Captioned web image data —
⁂

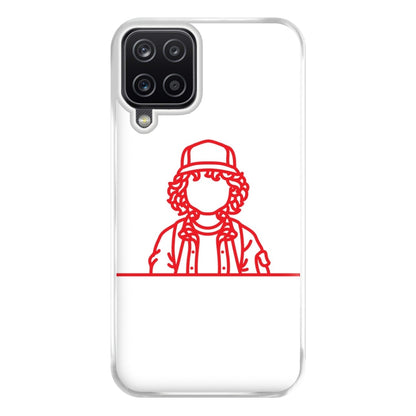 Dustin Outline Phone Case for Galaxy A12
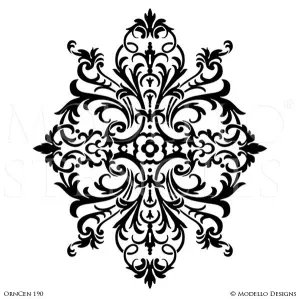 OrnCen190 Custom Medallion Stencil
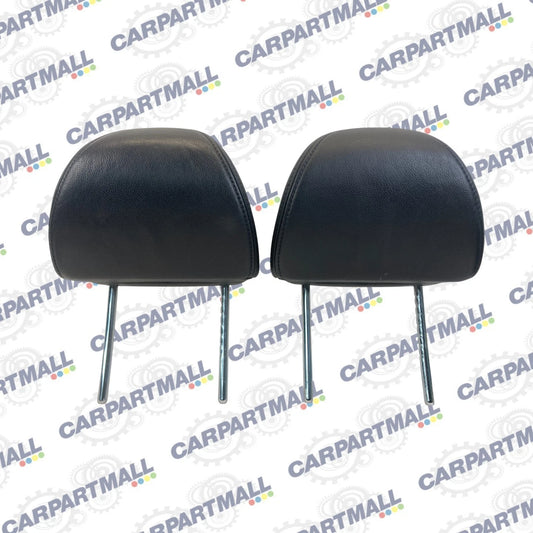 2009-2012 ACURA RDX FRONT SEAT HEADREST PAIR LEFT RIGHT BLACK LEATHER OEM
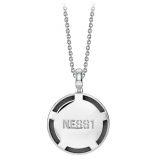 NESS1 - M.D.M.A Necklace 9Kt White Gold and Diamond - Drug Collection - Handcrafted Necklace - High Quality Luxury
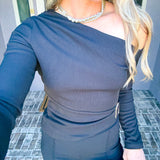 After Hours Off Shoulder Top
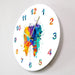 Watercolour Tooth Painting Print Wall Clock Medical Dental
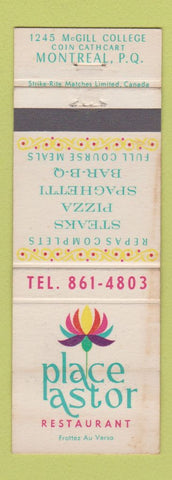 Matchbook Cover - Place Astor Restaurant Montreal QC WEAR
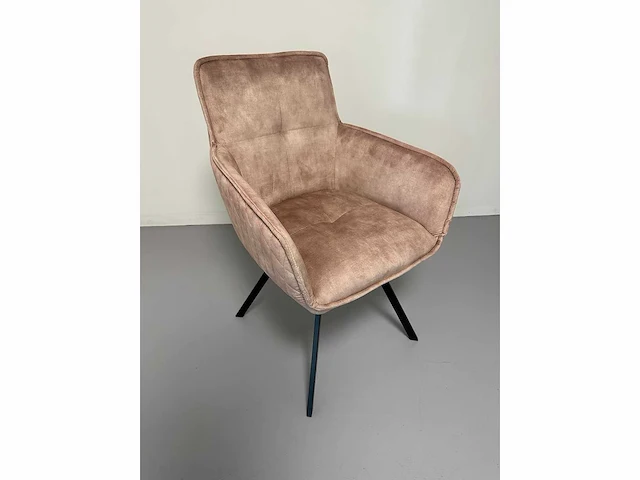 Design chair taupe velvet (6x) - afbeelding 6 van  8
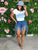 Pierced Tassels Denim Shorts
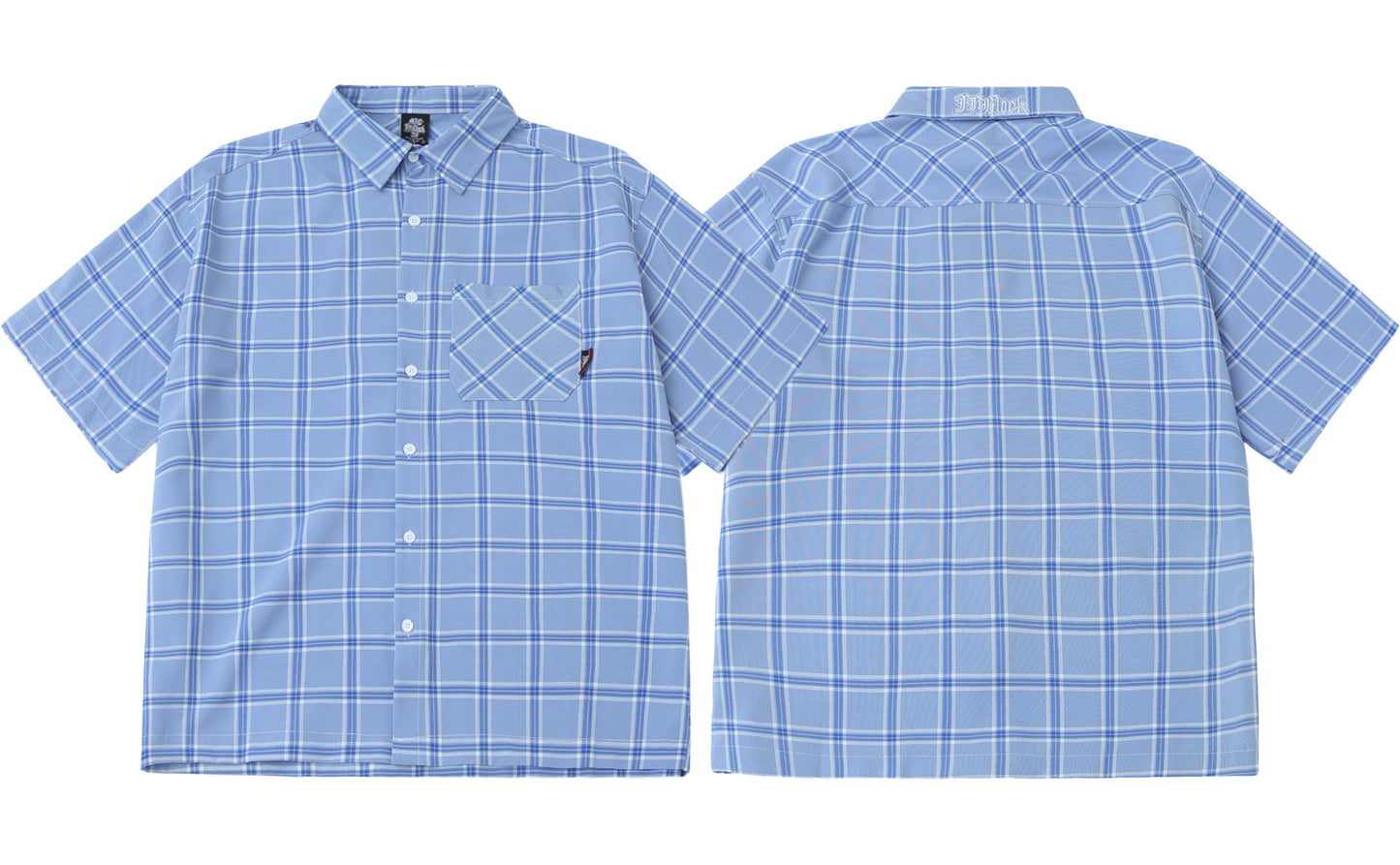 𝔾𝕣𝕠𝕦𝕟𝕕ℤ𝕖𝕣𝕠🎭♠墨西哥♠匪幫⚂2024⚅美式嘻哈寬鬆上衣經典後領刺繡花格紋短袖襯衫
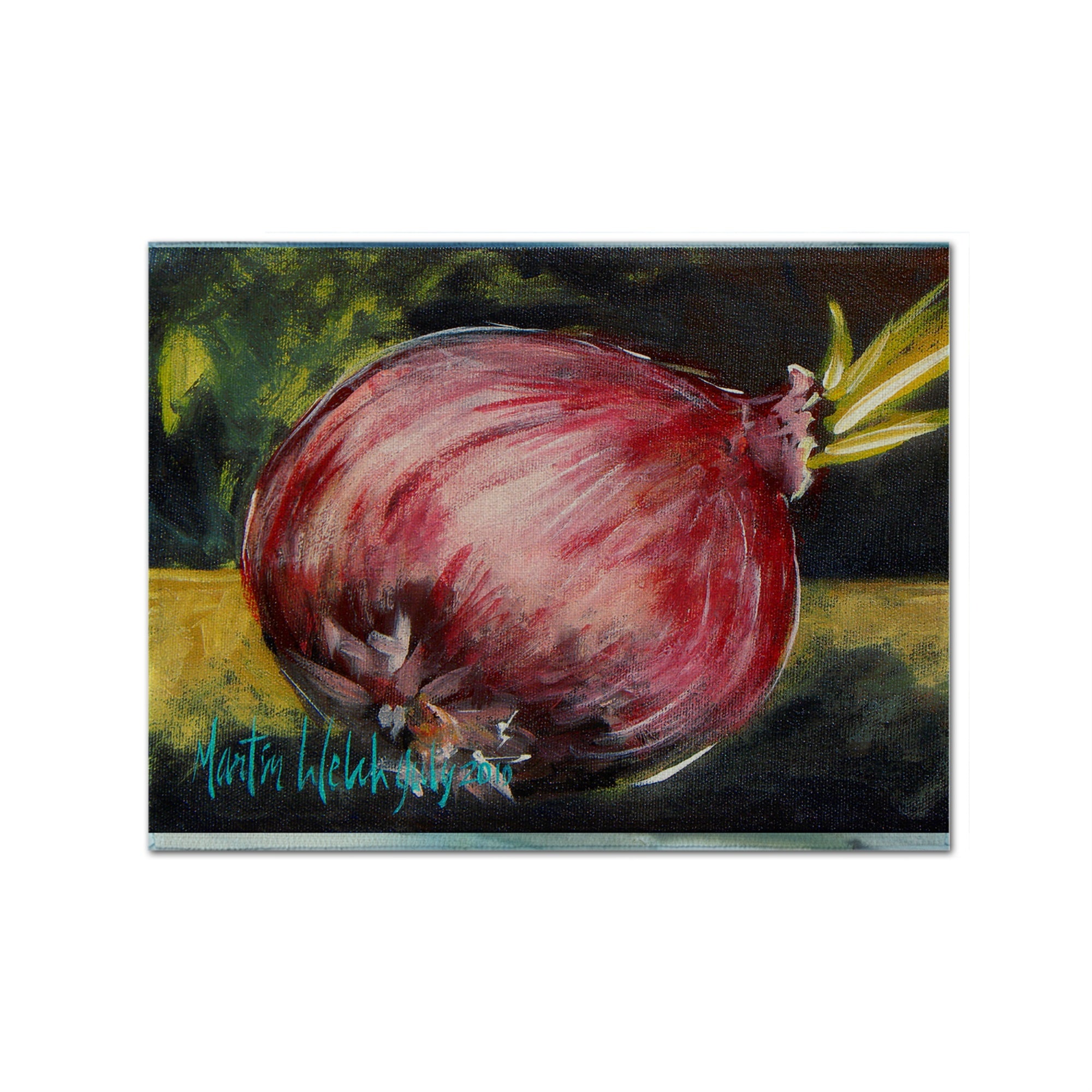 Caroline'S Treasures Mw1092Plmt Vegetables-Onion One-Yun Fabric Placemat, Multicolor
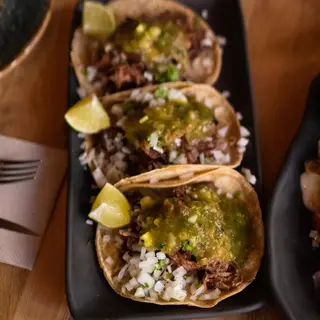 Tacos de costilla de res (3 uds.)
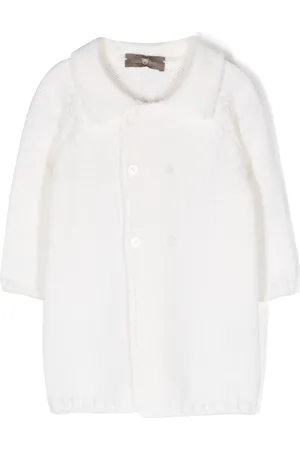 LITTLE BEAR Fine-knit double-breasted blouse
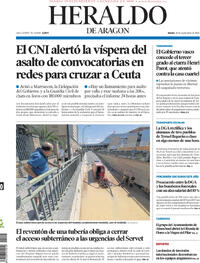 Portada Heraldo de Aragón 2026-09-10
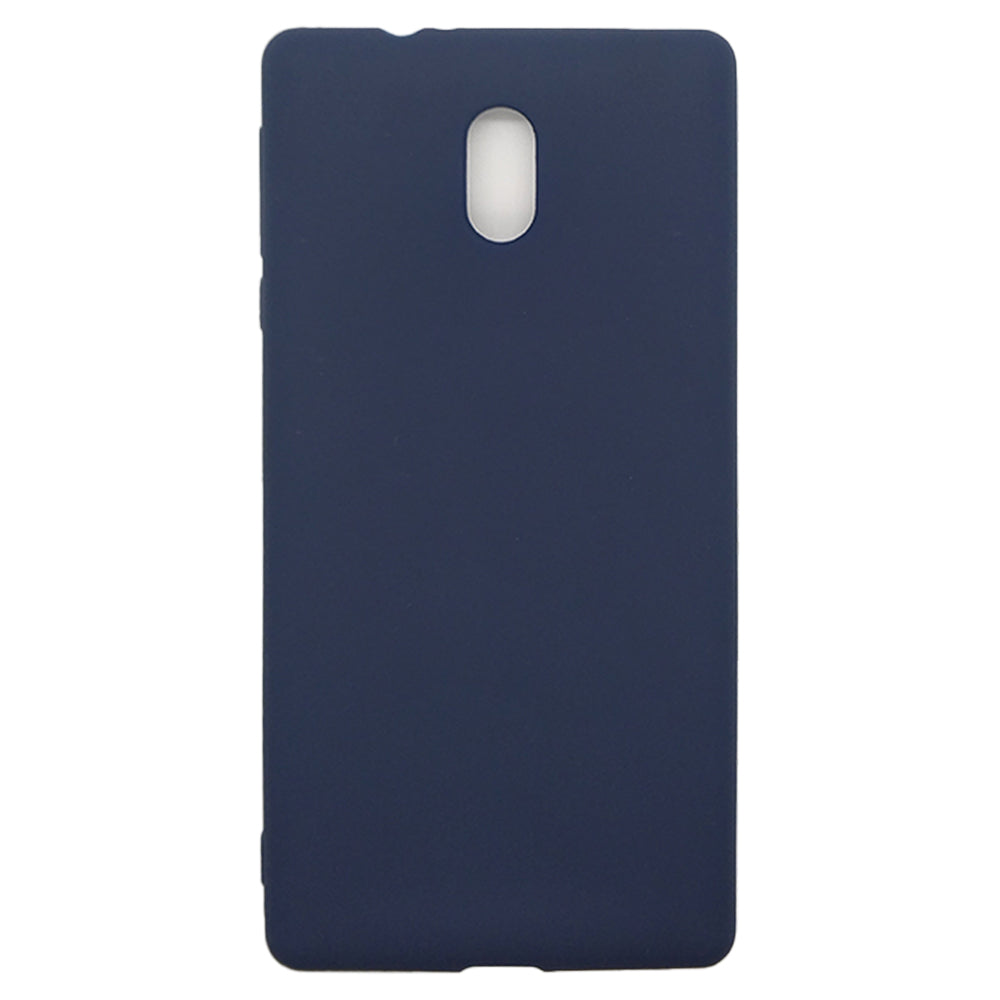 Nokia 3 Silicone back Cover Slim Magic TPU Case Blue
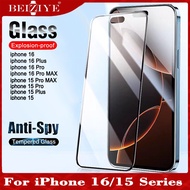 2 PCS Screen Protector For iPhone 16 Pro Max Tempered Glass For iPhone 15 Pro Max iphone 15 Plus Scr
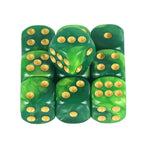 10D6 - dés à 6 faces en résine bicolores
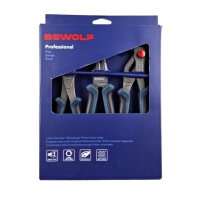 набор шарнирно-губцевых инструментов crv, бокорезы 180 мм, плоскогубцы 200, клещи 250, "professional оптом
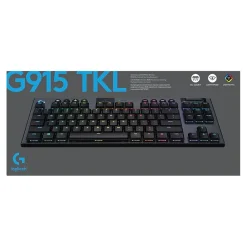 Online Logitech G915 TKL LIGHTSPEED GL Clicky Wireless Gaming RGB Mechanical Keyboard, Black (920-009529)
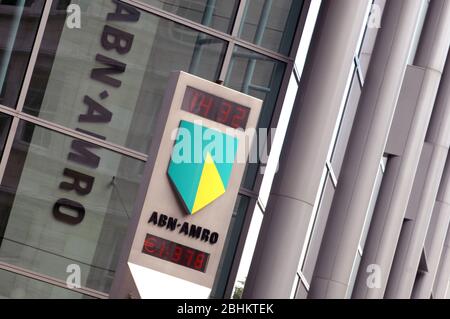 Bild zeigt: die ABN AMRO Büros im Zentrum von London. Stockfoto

⁂

What is needed — Leaving the pictures aside, transcribe exactly the lines from the one containing "Watercolour Tooth Painting" to the final line of the entries above, both ends included.

Exercise answer —
 Watercolour Tooth Painting Print Wall Clock Medical Dental
 Matchbook Cover - Place Astor Restaurant Montreal QC WEAR
 Design chair taupe velvet (6x) - afbeelding 6 van  8
 Pierced Tassels Denim Shorts
 𝔾𝕣𝕠𝕦𝕟𝕕ℤ𝕖𝕣𝕠🎭♠墨西哥♠匪幫⚂2024⚅美式嘻哈寬鬆上衣經典後領刺繡花格紋短袖襯衫
 Caroline'S Treasures Mw1092Plmt Vegetables-Onion One-Yun Fabric Placemat, Multicolor
 Tacos de costilla de res (3 uds.)
 LITTLE BEAR Fine-knit double-breasted blouse
 Portada Heraldo de Aragón 2026-09-10
 Nokia 3 Silicone back Cover Slim Magic TPU Case Blue
 2 PCS Screen Protector For iPhone 16 Pro Max Tempered Glass For iPhone 15 Pro Max iphone 15 Plus Scr
 10D6 - dés à 6 faces en résine bicolores
 набор шарнирно-губцевых инструментов crv, бокорезы 180 мм, плоскогубцы 200, клещи 250, "professional оптом
 Online Logitech G915 TKL LIGHTSPEED GL Clicky Wireless Gaming RGB Mechanical Keyboard, Black (920-009529)
 Bild zeigt: die ABN AMRO Büros im Zentrum von London. Stockfoto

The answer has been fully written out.